Microsoft has no more tricks up their sleeve. It's sad, really, because the system -- the hardware -- does have potential. But without any real compelling software on the horizon, their momentum is slowing rapidly.

Gears 2 and the few RPG's they've got lined up aren't enough to keep them afloat through the last leg of the current gen's hardware cycle. Banjo is already looking grim, with lots of members of the enthusiast press equating it to a gimmick game that could have very well been called "Build this thing and drive it;" the brand has been all but forgotten about with the new premise. Halo Wars has been delayed, yet again, and even still, it's an RTS -- still considerably niche where consoles are concerned. 

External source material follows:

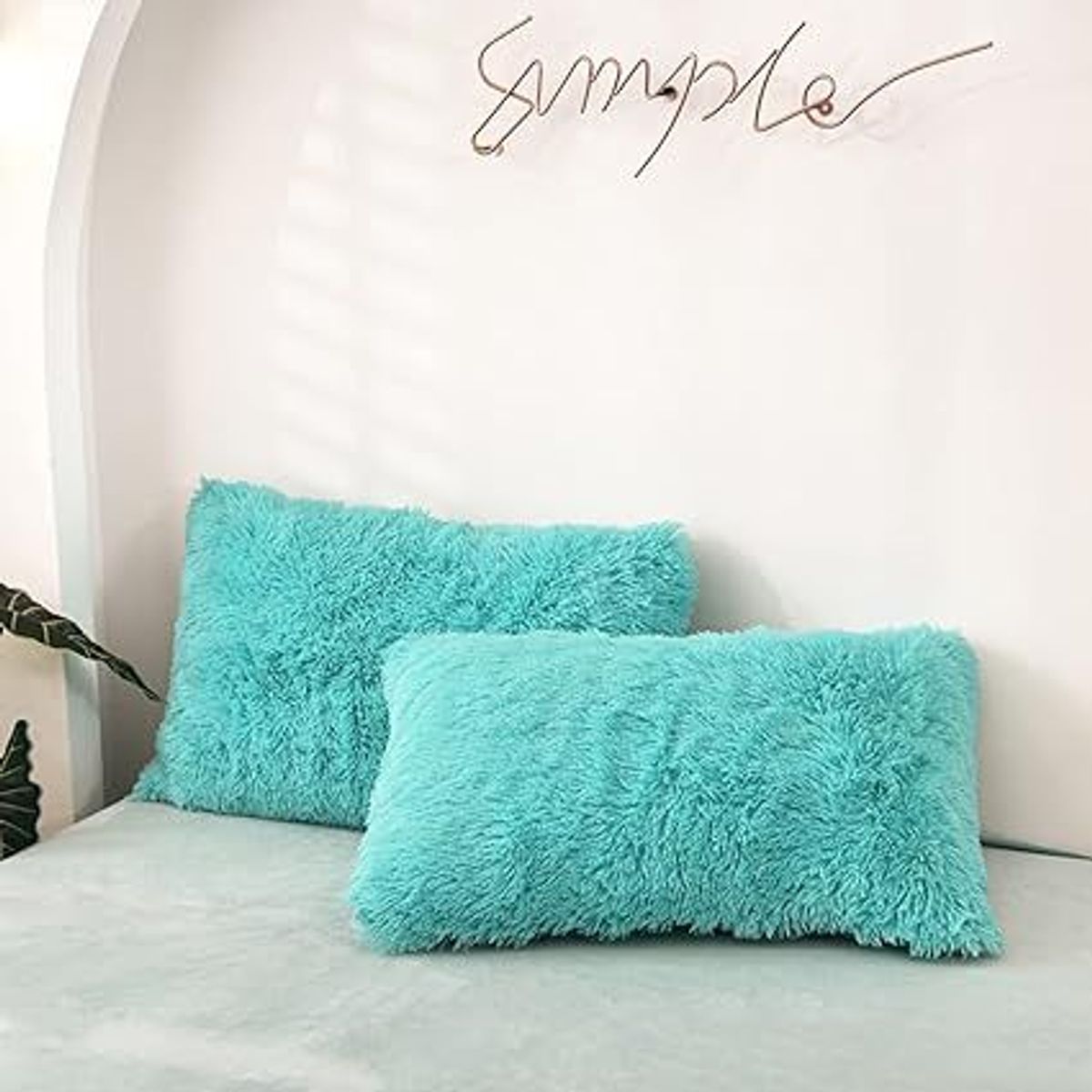 GENERICO - funda de almohada peluche corto 50cmx90cm VERDE JADE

What they're going to be forced to do is release their next-gen hardware even earlier in order to generate interest again. In turn this means they'll be shelling out more money to put first and second-party titles in the pipe. Eventually they're either going to have to innovate in the face of criticism (as Sony did with the PS3) and take some chances, or they're going to find themselves in a very precarious position.

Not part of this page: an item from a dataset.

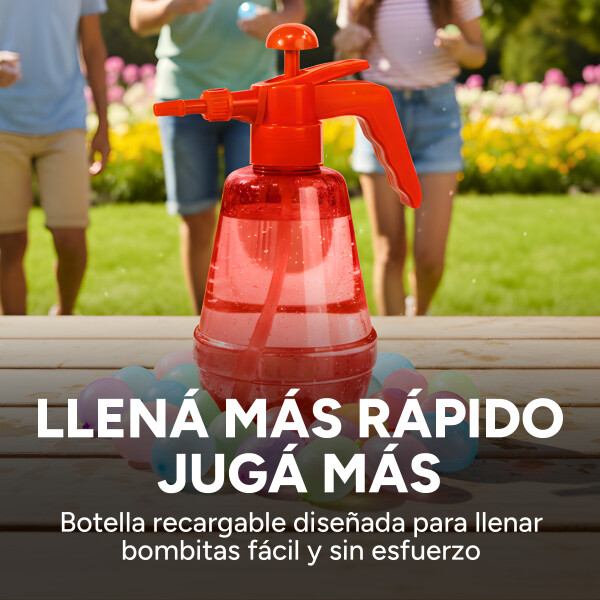 Bombitas De Agua 300 Unidades + Botella De Recarga Color Rojo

And Cayal is 100% correct. If there's a problem, Microsoft throws money at it and expects it to fix itself. What they don't do is approach that problem constructively...and it's beginning to show.


----------



## Armadillo-002 (Jun 16, 2008)

CM & Cayal you both have a strong point, Microsoft will and always will be throwing money and hope it will fix itself. Because of Microsoft's position as a major conglamorate that rivals only to that of Sony in the gaming industry (Nintendo is a major player in the gaming world, but it's finances are nowhere as big as Sony & Micorosoft). When the XBOX 360 came out they did not take note what made the original XBOX a success and ended up makiing a failure of the XBOX 360. Remember Microsoft are not a hardware developer but a software developer, while Sony, not so much as a software developer but a major hardware developer, thanks to it's open license and not so complicated platform to develop on, while Microsoft platform is a little bit more complicated to develop on I think. But your right CM the XBOX has a lot of potential.


----------



## Armadillo-002 (Jun 16, 2008)

Aes, Microsoft do make quality hardware, though because it has the "Microsoft brand" and has no style compared to Sony's hardware and style. Most people do not want a brick next to their TV's. Hence the style change of the XBOX 360 to the original XBOX.


----------



## Cayal (Jun 19, 2008)

There's rumour going around Microsoft tossed a lot of money at Capcom for a timed exclusive Resident Evil 5 (though I don't think it is true considering it won't make them money).

It's the rumoured big announcement at E3 this year by Capcom.


----------



## Cayal (Jun 19, 2008)

^ Rumour has been debunked by a Capcom employee


----------